# ACTION ITEM:
Return the entries in full, exactly as they were written.

# SUPPLIED DATA:
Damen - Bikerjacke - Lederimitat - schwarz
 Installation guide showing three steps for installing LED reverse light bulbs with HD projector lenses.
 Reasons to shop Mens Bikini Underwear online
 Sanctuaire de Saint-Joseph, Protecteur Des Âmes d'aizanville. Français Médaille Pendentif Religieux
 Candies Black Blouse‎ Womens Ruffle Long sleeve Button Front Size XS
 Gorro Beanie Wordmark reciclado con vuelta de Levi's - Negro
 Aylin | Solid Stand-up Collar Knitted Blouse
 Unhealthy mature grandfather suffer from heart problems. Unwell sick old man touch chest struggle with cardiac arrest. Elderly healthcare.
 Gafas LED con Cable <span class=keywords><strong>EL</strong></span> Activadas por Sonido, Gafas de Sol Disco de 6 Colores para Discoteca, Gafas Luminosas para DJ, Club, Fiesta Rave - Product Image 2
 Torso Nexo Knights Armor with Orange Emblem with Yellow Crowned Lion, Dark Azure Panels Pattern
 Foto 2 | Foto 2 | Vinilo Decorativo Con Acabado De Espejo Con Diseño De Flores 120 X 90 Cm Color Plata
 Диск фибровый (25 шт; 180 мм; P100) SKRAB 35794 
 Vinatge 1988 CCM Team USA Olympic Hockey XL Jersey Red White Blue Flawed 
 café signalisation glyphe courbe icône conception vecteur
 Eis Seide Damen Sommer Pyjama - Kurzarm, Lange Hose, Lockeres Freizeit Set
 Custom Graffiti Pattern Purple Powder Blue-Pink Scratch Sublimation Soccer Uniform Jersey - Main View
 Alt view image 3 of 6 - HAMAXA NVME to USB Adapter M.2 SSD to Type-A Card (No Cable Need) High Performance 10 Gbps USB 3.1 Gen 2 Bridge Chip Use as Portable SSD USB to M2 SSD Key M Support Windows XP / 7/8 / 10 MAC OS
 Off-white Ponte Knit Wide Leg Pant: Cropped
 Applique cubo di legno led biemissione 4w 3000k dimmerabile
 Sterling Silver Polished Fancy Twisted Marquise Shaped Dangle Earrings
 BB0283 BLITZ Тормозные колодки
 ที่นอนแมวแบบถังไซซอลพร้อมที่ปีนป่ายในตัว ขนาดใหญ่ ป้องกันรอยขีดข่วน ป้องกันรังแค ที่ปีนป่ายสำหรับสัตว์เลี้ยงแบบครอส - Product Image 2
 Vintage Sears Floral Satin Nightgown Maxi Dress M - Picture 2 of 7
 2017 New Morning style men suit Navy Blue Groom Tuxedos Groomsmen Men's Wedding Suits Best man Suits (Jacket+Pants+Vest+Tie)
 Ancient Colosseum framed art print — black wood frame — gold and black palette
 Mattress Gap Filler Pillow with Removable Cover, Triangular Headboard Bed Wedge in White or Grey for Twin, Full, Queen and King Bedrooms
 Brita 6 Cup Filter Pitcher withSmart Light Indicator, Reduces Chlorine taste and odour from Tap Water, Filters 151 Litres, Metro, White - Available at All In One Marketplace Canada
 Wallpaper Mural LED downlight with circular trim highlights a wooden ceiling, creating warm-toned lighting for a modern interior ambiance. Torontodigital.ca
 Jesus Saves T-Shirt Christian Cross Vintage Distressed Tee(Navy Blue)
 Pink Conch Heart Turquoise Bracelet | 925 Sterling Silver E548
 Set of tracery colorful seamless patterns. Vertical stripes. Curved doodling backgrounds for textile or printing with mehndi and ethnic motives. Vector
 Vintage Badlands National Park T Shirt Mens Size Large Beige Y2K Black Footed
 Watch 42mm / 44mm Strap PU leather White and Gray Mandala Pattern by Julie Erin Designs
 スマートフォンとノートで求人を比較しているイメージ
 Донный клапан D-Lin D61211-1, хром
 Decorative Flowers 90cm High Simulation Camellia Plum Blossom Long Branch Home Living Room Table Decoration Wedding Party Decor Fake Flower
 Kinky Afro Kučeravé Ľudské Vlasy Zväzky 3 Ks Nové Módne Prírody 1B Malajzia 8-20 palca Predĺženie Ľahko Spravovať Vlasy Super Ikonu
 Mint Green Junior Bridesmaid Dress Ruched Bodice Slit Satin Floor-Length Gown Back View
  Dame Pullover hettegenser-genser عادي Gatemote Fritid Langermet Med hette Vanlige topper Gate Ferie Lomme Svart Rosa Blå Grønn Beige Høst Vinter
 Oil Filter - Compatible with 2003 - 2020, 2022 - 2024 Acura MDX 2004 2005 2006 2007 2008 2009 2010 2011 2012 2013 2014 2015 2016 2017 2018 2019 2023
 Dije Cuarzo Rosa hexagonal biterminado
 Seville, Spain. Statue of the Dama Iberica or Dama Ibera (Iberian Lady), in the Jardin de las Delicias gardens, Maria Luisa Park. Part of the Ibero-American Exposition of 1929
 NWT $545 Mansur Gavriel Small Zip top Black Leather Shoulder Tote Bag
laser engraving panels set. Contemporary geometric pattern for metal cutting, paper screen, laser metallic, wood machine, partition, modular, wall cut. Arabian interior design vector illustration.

# SOLVED PROBLEM:
Damen - Bikerjacke - Lederimitat - schwarz
 Installation guide showing three steps for installing LED reverse light bulbs with HD projector lenses.
 Reasons to shop Mens Bikini Underwear online
 Sanctuaire de Saint-Joseph, Protecteur Des Âmes d'aizanville. Français Médaille Pendentif Religieux
 Candies Black Blouse‎ Womens Ruffle Long sleeve Button Front Size XS
 Gorro Beanie Wordmark reciclado con vuelta de Levi's - Negro
 Aylin | Solid Stand-up Collar Knitted Blouse
 Unhealthy mature grandfather suffer from heart problems. Unwell sick old man touch chest struggle with cardiac arrest. Elderly healthcare.
 Gafas LED con Cable <span class=keywords><strong>EL</strong></span> Activadas por Sonido, Gafas de Sol Disco de 6 Colores para Discoteca, Gafas Luminosas para DJ, Club, Fiesta Rave - Product Image 2
 Torso Nexo Knights Armor with Orange Emblem with Yellow Crowned Lion, Dark Azure Panels Pattern
 Foto 2 | Foto 2 | Vinilo Decorativo Con Acabado De Espejo Con Diseño De Flores 120 X 90 Cm Color Plata
 Диск фибровый (25 шт; 180 мм; P100) SKRAB 35794 
 Vinatge 1988 CCM Team USA Olympic Hockey XL Jersey Red White Blue Flawed 
 café signalisation glyphe courbe icône conception vecteur
 Eis Seide Damen Sommer Pyjama - Kurzarm, Lange Hose, Lockeres Freizeit Set
 Custom Graffiti Pattern Purple Powder Blue-Pink Scratch Sublimation Soccer Uniform Jersey - Main View
 Alt view image 3 of 6 - HAMAXA NVME to USB Adapter M.2 SSD to Type-A Card (No Cable Need) High Performance 10 Gbps USB 3.1 Gen 2 Bridge Chip Use as Portable SSD USB to M2 SSD Key M Support Windows XP / 7/8 / 10 MAC OS
 Off-white Ponte Knit Wide Leg Pant: Cropped
 Applique cubo di legno led biemissione 4w 3000k dimmerabile
 Sterling Silver Polished Fancy Twisted Marquise Shaped Dangle Earrings
 BB0283 BLITZ Тормозные колодки
 ที่นอนแมวแบบถังไซซอลพร้อมที่ปีนป่ายในตัว ขนาดใหญ่ ป้องกันรอยขีดข่วน ป้องกันรังแค ที่ปีนป่ายสำหรับสัตว์เลี้ยงแบบครอส - Product Image 2
 Vintage Sears Floral Satin Nightgown Maxi Dress M - Picture 2 of 7
 2017 New Morning style men suit Navy Blue Groom Tuxedos Groomsmen Men's Wedding Suits Best man Suits (Jacket+Pants+Vest+Tie)
 Ancient Colosseum framed art print — black wood frame — gold and black palette
 Mattress Gap Filler Pillow with Removable Cover, Triangular Headboard Bed Wedge in White or Grey for Twin, Full, Queen and King Bedrooms
 Brita 6 Cup Filter Pitcher withSmart Light Indicator, Reduces Chlorine taste and odour from Tap Water, Filters 151 Litres, Metro, White - Available at All In One Marketplace Canada
 Wallpaper Mural LED downlight with circular trim highlights a wooden ceiling, creating warm-toned lighting for a modern interior ambiance. Torontodigital.ca
 Jesus Saves T-Shirt Christian Cross Vintage Distressed Tee(Navy Blue)
 Pink Conch Heart Turquoise Bracelet | 925 Sterling Silver E548
 Set of tracery colorful seamless patterns. Vertical stripes. Curved doodling backgrounds for textile or printing with mehndi and ethnic motives. Vector
 Vintage Badlands National Park T Shirt Mens Size Large Beige Y2K Black Footed
 Watch 42mm / 44mm Strap PU leather White and Gray Mandala Pattern by Julie Erin Designs
 スマートフォンとノートで求人を比較しているイメージ
 Донный клапан D-Lin D61211-1, хром
 Decorative Flowers 90cm High Simulation Camellia Plum Blossom Long Branch Home Living Room Table Decoration Wedding Party Decor Fake Flower
 Kinky Afro Kučeravé Ľudské Vlasy Zväzky 3 Ks Nové Módne Prírody 1B Malajzia 8-20 palca Predĺženie Ľahko Spravovať Vlasy Super Ikonu
 Mint Green Junior Bridesmaid Dress Ruched Bodice Slit Satin Floor-Length Gown Back View
  Dame Pullover hettegenser-genser عادي Gatemote Fritid Langermet Med hette Vanlige topper Gate Ferie Lomme Svart Rosa Blå Grønn Beige Høst Vinter
 Oil Filter - Compatible with 2003 - 2020, 2022 - 2024 Acura MDX 2004 2005 2006 2007 2008 2009 2010 2011 2012 2013 2014 2015 2016 2017 2018 2019 2023
 Dije Cuarzo Rosa hexagonal biterminado
 Seville, Spain. Statue of the Dama Iberica or Dama Ibera (Iberian Lady), in the Jardin de las Delicias gardens, Maria Luisa Park. Part of the Ibero-American Exposition of 1929
 NWT $545 Mansur Gavriel Small Zip top Black Leather Shoulder Tote Bag
laser engraving panels set. Contemporary geometric pattern for metal cutting, paper screen, laser metallic, wood machine, partition, modular, wall cut. Arabian interior design vector illustration.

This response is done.